A Click Chemistry Approach Reveals the Chromatin-Dependent Histone H3K36 Deacylase Nature of SIRT7

Affiliations

A Click Chemistry Approach Reveals the Chromatin-Dependent Histone H3K36 Deacylase Nature of SIRT7

Wesley Wei Wang et al. J Am Chem Soc. .

Abstract

Using an engineered pyrrolysyl-tRNA synthetase mutant together with tRNACUAPyl, we have genetically encoded Nε-(7-azidoheptanoyl)-l-lysine (AzHeK) by amber codon in Escherichia coli for recombinant expression of a number of AzHeK-containing histone H3 proteins. We assembled in vitro acyl-nucleosomes from these recombinant acyl-H3 histones. All these acyl-nucleosomes contained an azide functionality that allowed quick click labeling with a strained alkyne dye for in-gel fluorescence analysis.
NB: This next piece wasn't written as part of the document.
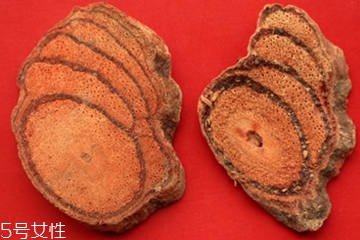 鸡血藤的营养成分表,鸡血藤的作用和用途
Using these acyl-nucleosomes as substrates and click labeling as a detection method, we systematically investigated chromatin deacylation activities of SIRT7, a class III NAD+-dependent histone deacylase with roles in aging and cancer biology. Besides confirming the previously reported histone H3K18 deacylation activity, our results revealed that SIRT7 has an astonishingly high activity to catalyze deacylation of H3K36 and is also catalytically active to deacylate H3K37. We further demonstrated that this H3K36 deacylation activity is nucleosome dependent and can be significantly enhanced when appending the acyl-nucleosome substrate with a short double-stranded DNA that mimics the bridging DNA between nucleosomes in native chromatin. By overexpressing SIRT7 in human cells, we verified that SIRT7 natively removes acetylation from histone H3K36. Moreover, SIRT7-deficient cells exhibited H3K36 hyperacetylation in whole cell extracts, at rDNA sequences in nucleoli, and at select SIRT7 target loci, demonstrating the physiologic importance of SIRT7 in determining endogenous H3K36 acetylation levels. H3K36 acetylation has been detected at active gene promoters, but little is understood about its regulation and functions. Our findings establish H3K36 as a physiologic substrate of SIRT7 and implicate this modification in potential SIRT7 pathways in heterochromatin silencing and genomic stability.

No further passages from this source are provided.